In the first month of his administration, Barack Obama shoved Republicans aside from discussions on economic stimulus, smugly telling them “he won”, so things were going to be done his way;
In the second month of his administration, Barack Obama put together a plan to take over the financial industry and the auto industry all while protecting those who decimated the housing industry;
In the third month of his administration, Barack Obama appointed multiple Cabinet and staff whose tax dodging and other legal entanglements compromised his pledges of honesty and integrity in government;
In the fourth and fifth months of his administration, Barack Obama’s right hand Rahm Emmanuel was caught trying to take control of the U.S. Census process to tilt the counting of American citizens to favor Democrats in election politics;
In the last three months of his administration, Barack Obama has tried to shove an unbelievably bloated, contorted, impossible to understand, implement and pay for healthcare system under the guise of reform without letting people read or debate it. We also discovered that he had reached back room deals with a number of insurance companies in the process – a practice he specifically said would not happen during his term.

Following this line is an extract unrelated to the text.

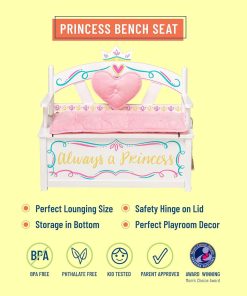 Wildkin Kids Princess Wooden Bench Seat with Storage, Toy Box Bench Seat Features Safety Hinge, Padded Backrest, Seat Cushion, and Two Carrying Handles - 2
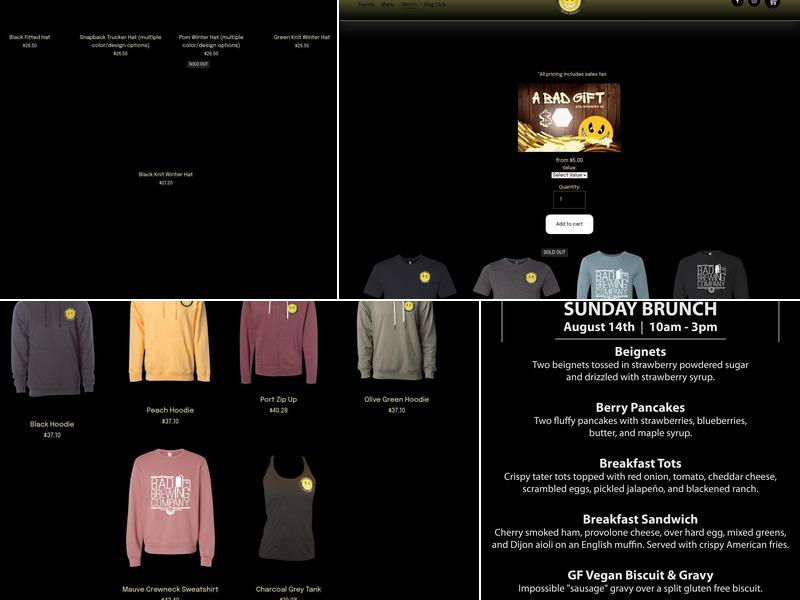 Bad Brewing Company Menu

Now, it has come to light that Barack Obama’s education speech isn’t just a speech, it’s the focus of a lesson plan developed by the White House to challenge children to find ways they can help him.

I’m sorry, but if the shoe fits…

Barack Obama has caused this outrage because of his heavy-handed tactics to push his policies through, his arrogance and smugness, his willingness to intentionally surround himself with people who do not measure up to public standards of moral and ethical conduct, and his brazen (and ill-conceived) intentions of taking control of just about every industry in America. That kind of conduct breeds intense distrust in Americans; we don’t like people who act like they’re better than we are, and we surely don’t like people who try to pull the wool over our eyes and then insult us for taking it off. Barack Obama has politicized the office of the Presidency so much so that 63% of Americans (according to a recent Facebook poll) would rather ban public addresses by the President in schools unless they have been reviewed by parents and teachers first than let those addresses happen without oversight. This is a serious problem. If Americans distrust their President so deeply they would rather censor him than listen to him, how can we hope to build any kind of common ground anywhere going forward?